■ Work to complete: Only the lines from the start of the data below through the line that contains "The observing framework" are to be copied, exactly and without pictures.
^^^^^^^^
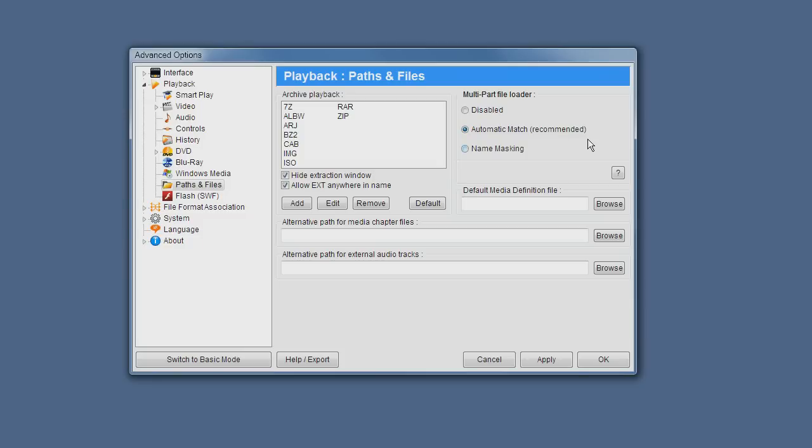if you call them video track one, video track two and so forth, it will automatically add to the playlist when you open just the first file. The next file and the next file after that would be added to the playlist automatically.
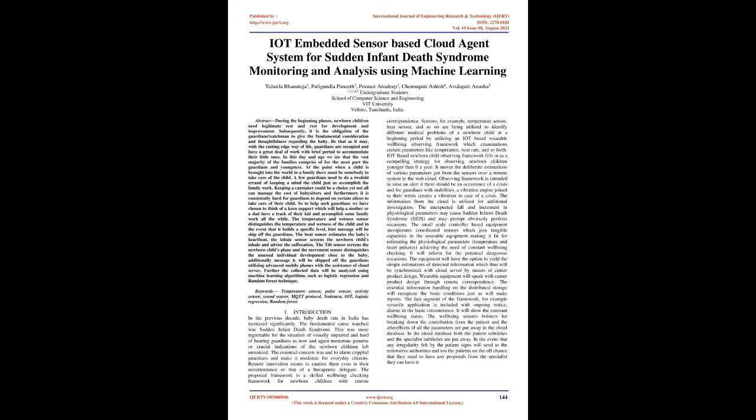The observing framework is intended to raise an alert if there should be an occurrence of a crisis. For guardians with inabilities, a vibration engine joined to their wrists creates a vibration in case of a crisis. The information from the cloud is utilized for additional investigation. The unexpected fall and increment in physiological parameters may cause sudden infant death syndrome, SIDS, and may prompt obviously perilous occasions.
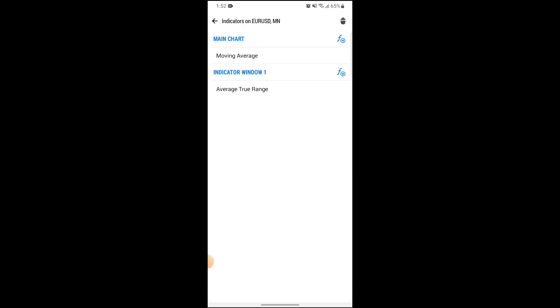After clicking on the button, you can see that in the main chart, there is a moving average. To delete it, simply click on the dustbin button on the top right corner of your screen.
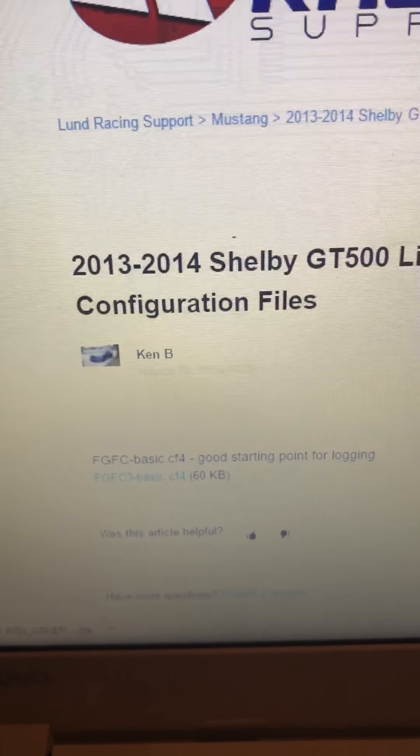That generic file goes into your configuration folder. Then after you do that, this is where all your custom tunes go — inside of the custom folder.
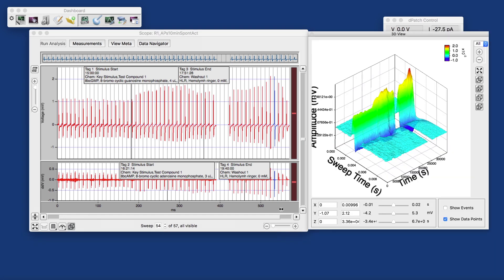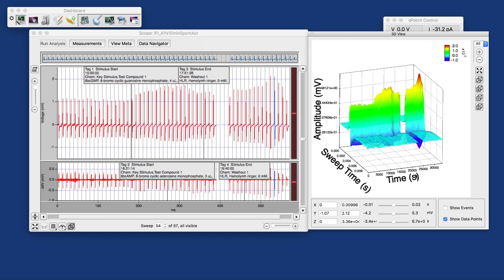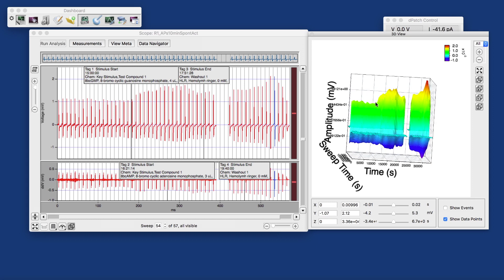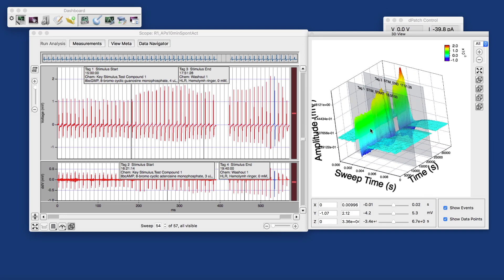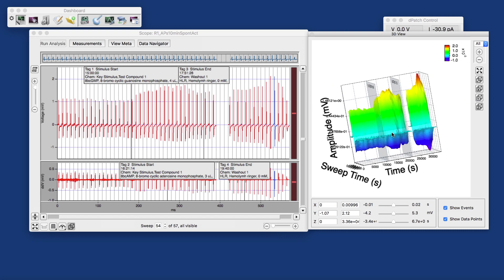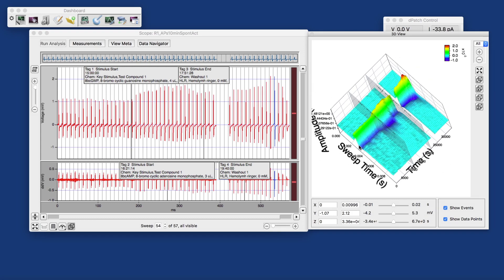One display mode that I'm particularly proud of is the three-dimensional display, where you see the time course of the action potentials over the time of the recording — almost 10 hours. It looks like in the beginning the waveform was pretty stable, until somewhere here something suddenly happens. What happens is we applied a drug here — where it says 'stim start' at the time of that first tag — and that affected the waveform of the action potentials. The peak-to-peak amplitude becomes bigger.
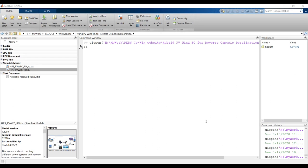Hi everyone. Our subject today is about a hybrid photovoltaic system combined with vertical and horizontal wind turbines and a fuel cell system for reverse osmosis desalination plant. This is not a new topic — we showed it before, but let's go into more details this time with respect to the reverse osmosis modeling.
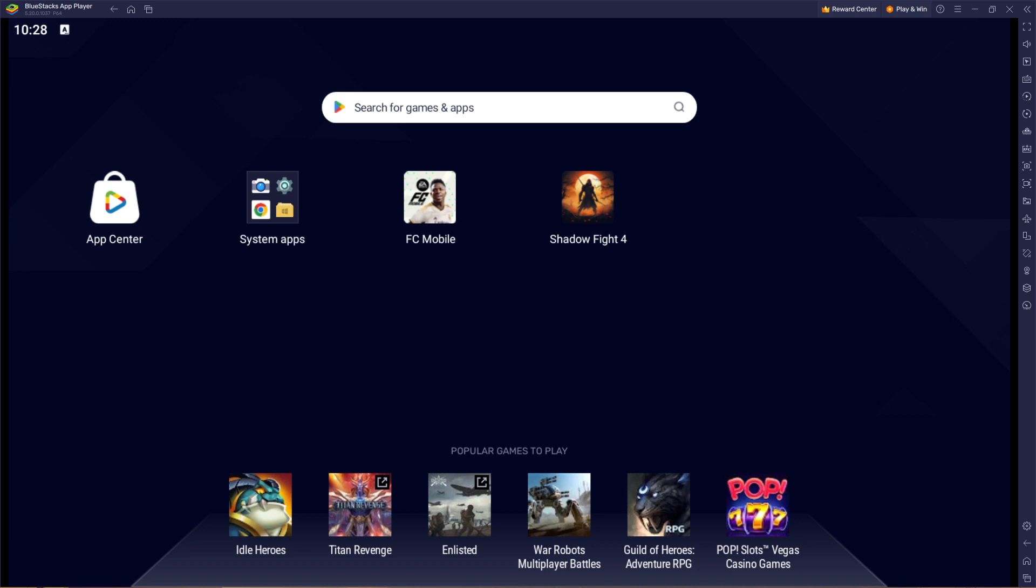Hello guys, welcome to another tutorial section. Today I will show you how you can set or change your country or location on a Bluestacks application. This is quite easy and straightforward. In case you would like to change or switch countries on Bluestacks, you can simply follow these steps and you will be good to go.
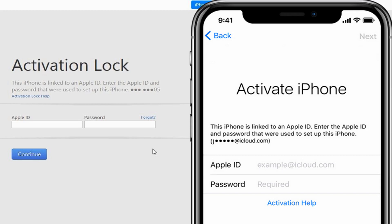Hello my dear friends. Hope you are doing great. In this video we are going to look at how to remove Apple Activation Lock.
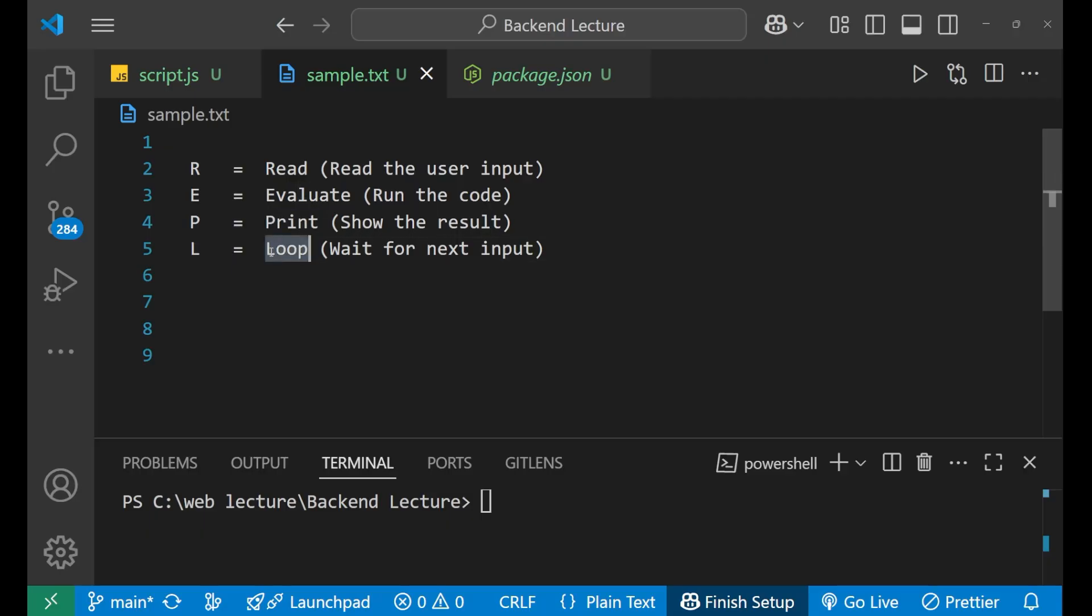L is loop. What does this loop mean? Loop means basically when the Node.js gives you the particular result after evaluating your input and everything, it will now wait again for your new input.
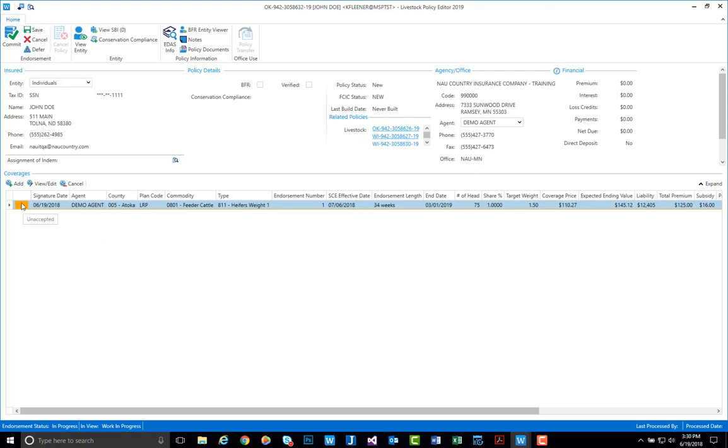You'll notice there's a paint chip which is in that yellow which stands for unaccepted. This represents that this coverage line has not been submitted to RMA yet, but once it has been, this color chip will change based on either if it was completed or accepted.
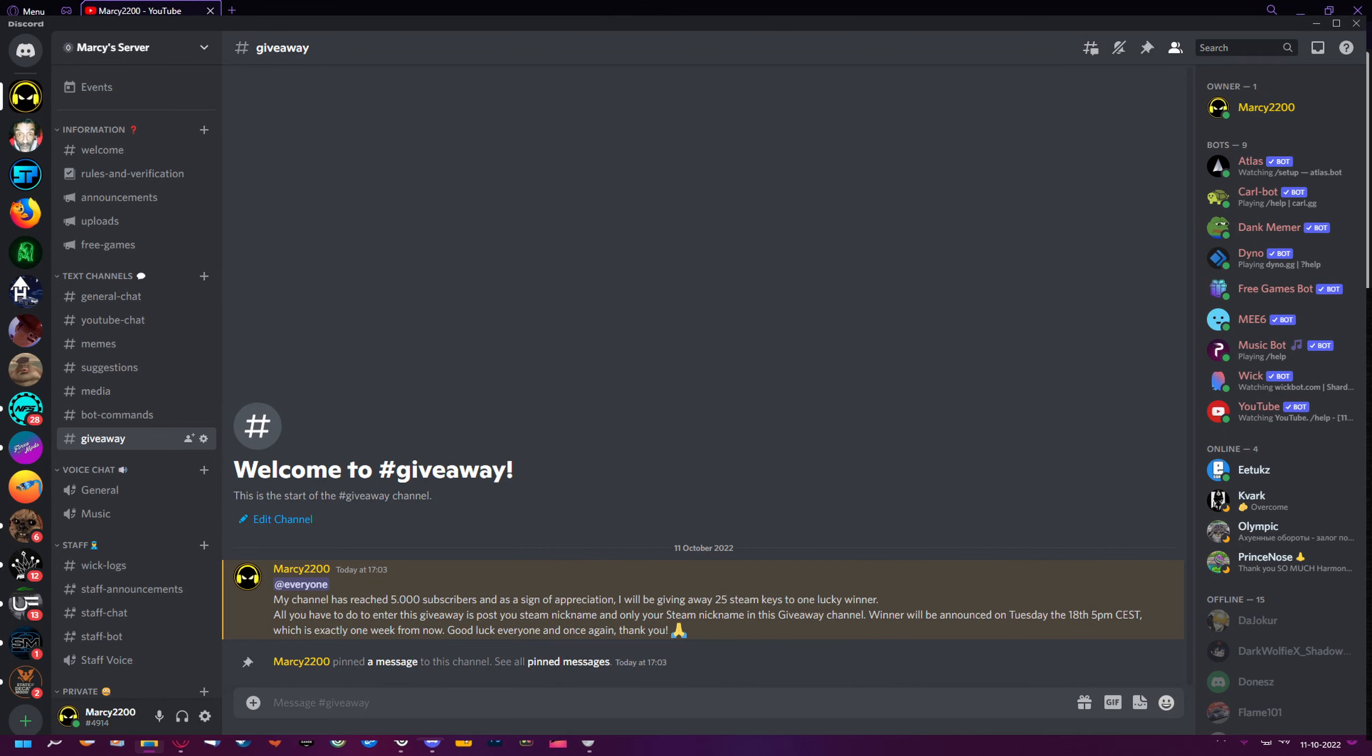Once you're in my Discord server, verify yourself by accepting the rules. Once you've done that, you will see the list simply called text channels. At the bottom of that list, you will see the channel called giveaway.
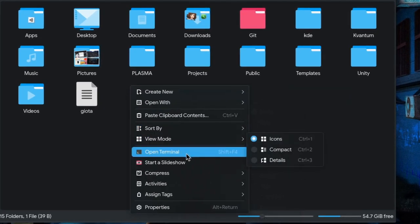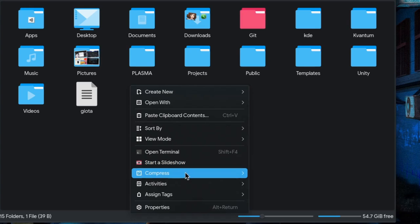For example, why would someone possibly want to start a slideshow in a directory where there isn't even a single image? And it gets so much worse!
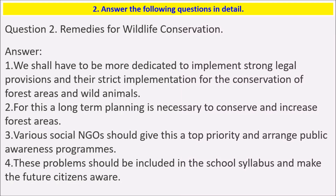Over and above this, human activities cause a lot of pollution in nature. This also disturbs and destroys the natural cycle and the living organisms living in it.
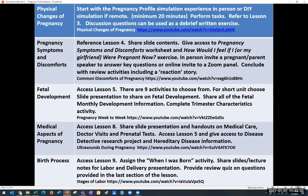Day four of the one-week unit covers the medical aspects of pregnancy, mostly found in Lesson 8 with a few things in Lesson 5. Go to Lesson 8 for the slide presentation and handouts on medical care, doctor visits, and prenatal tests. Back in Lesson 5 there's an activity called the Disease Detective — a research project — and a handout on hereditary disease. There's also an ultrasound during pregnancy video referenced here.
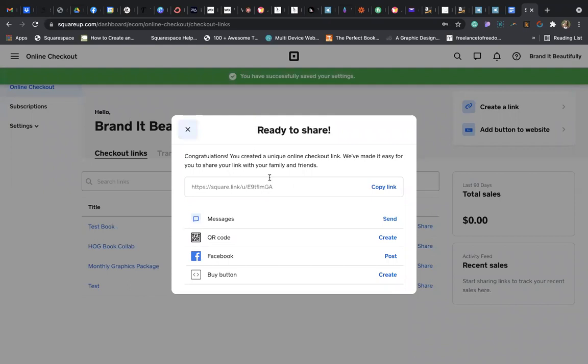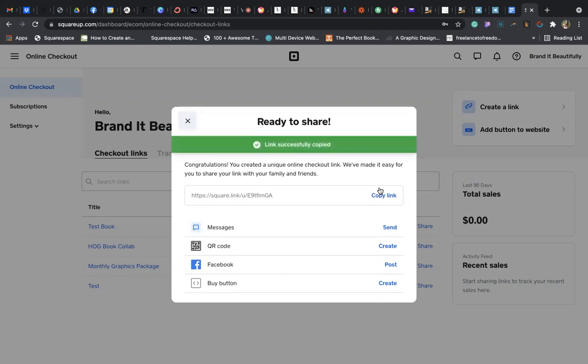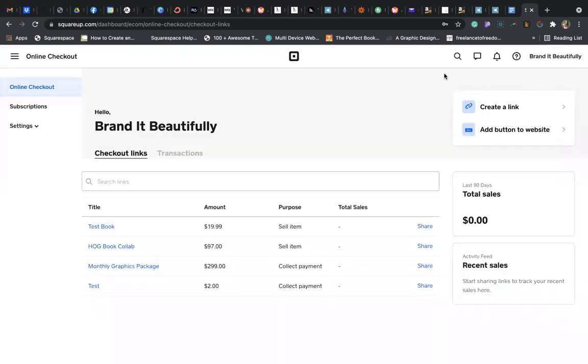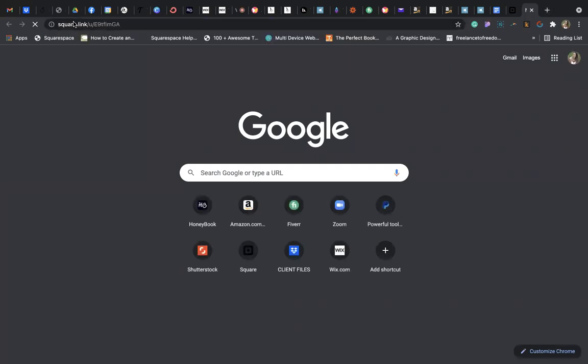Now the link has been created and you can share this in messages, emails, text messages, wherever you want, just like you would a PayPal link. You would just copy that link and share it. When you share it, it will look like this to your buyers.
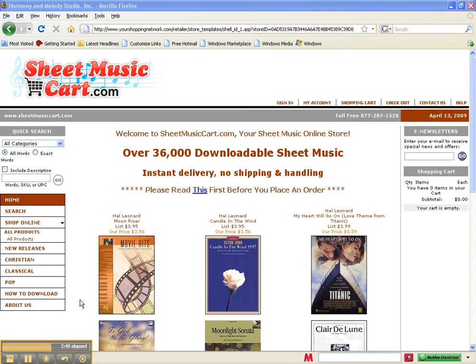And the software will allow you to review, hear and print the sheet music from your screen.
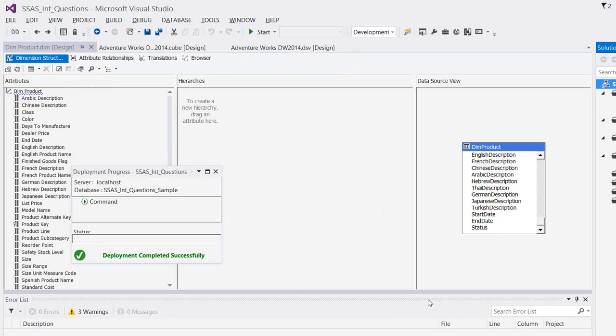Nowadays, people want the report to be generated within a fraction of seconds. So people prefer to have the data pre-processed and ready. And whenever they click on the report, it should fetch the data. If you use ROLAP against the huge databases and if the database is not so quick, then you have to wait for minutes to generate the report.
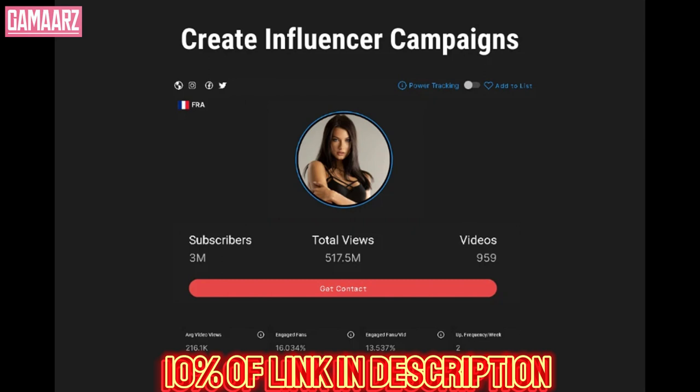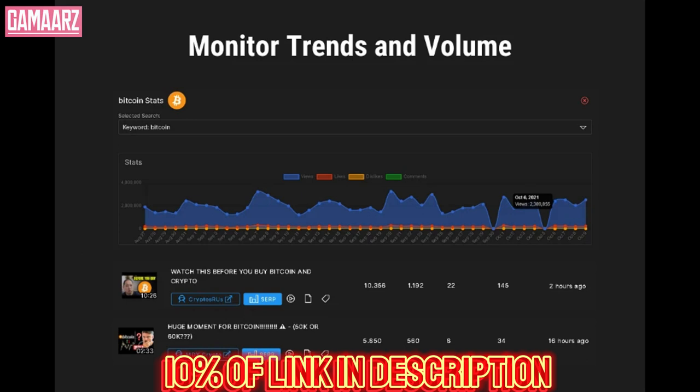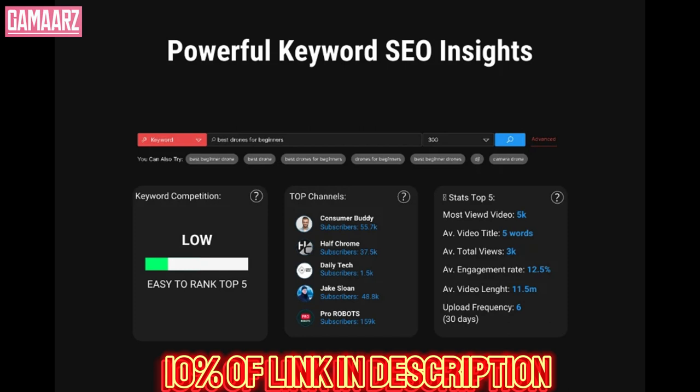Audio has emerged as a powerful medium for engaging audiences. Podcasts, audiobooks, and voiceovers have become integral parts of the digital experience.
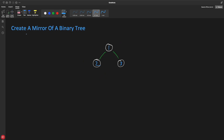Hello everyone, this is Rupesh and you are watching CppNets video series on binary search interview questions. This is about how to create a mirror of a binary tree. Previously we have seen how to find out if two different trees are mirrors of each other — that was different. This is about creating a mirror of a given tree.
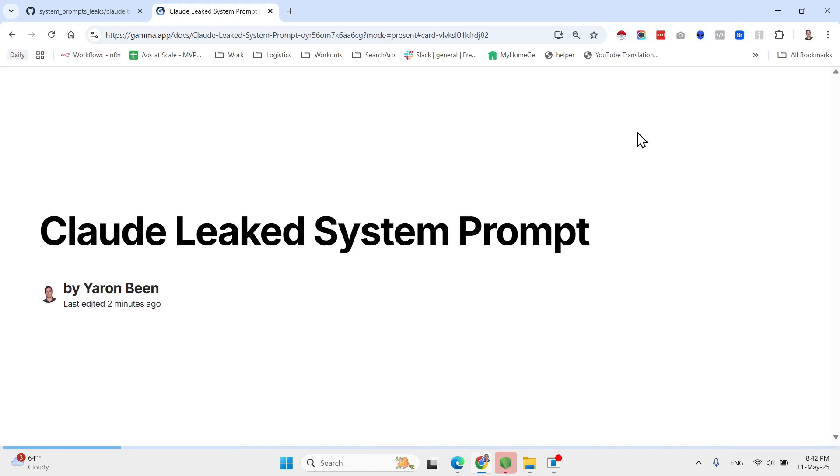This system prompt is nothing short of amazing. It's a masterpiece. It's pretty long and I wanted to share it with you guys today briefly.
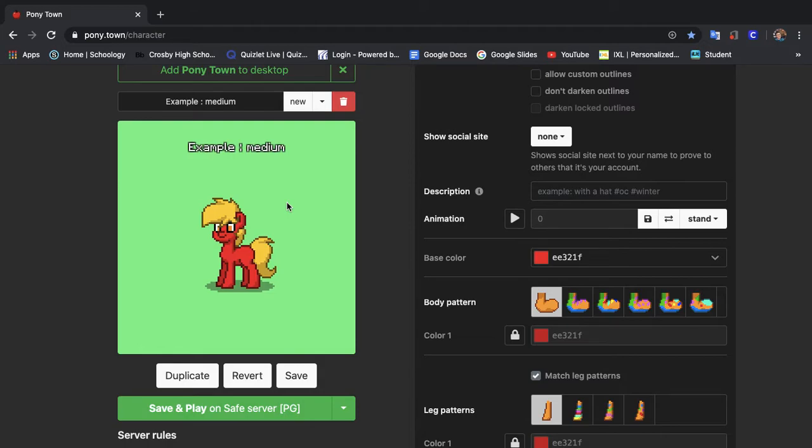Hey guys, it's me LPSGalaxy here. Today we're doing how to make a good pony, medium level.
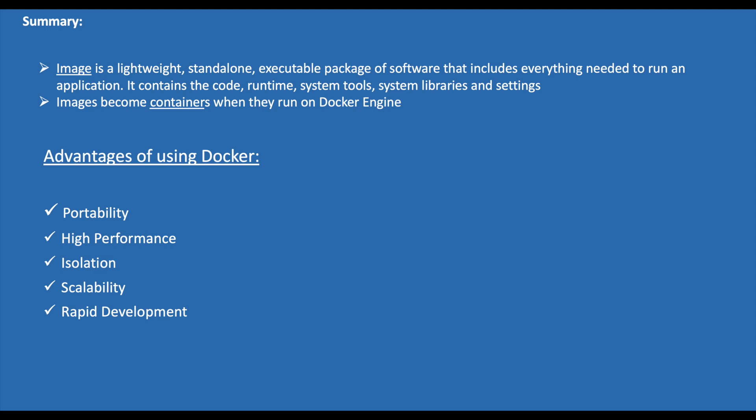I hope now you understand the fundamentals of Docker and how it simplifies the development and deployment. My name is Pawan Ilthepu and I thank you very much for watching this video. If you liked it, please share it with your friends and do not forget to subscribe to my channel. Do not miss any updates.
^^^^^^^^
■ Reply to the task:
if you call them video track one, video track two and so forth, it will automatically add to the playlist when you open just the first file. The next file and the next file after that would be added to the playlist automatically.
The observing framework is intended to raise an alert if there should be an occurrence of a crisis. For guardians with inabilities, a vibration engine joined to their wrists creates a vibration in case of a crisis. The information from the cloud is utilized for additional investigation. The unexpected fall and increment in physiological parameters may cause sudden infant death syndrome, SIDS, and may prompt obviously perilous occasions.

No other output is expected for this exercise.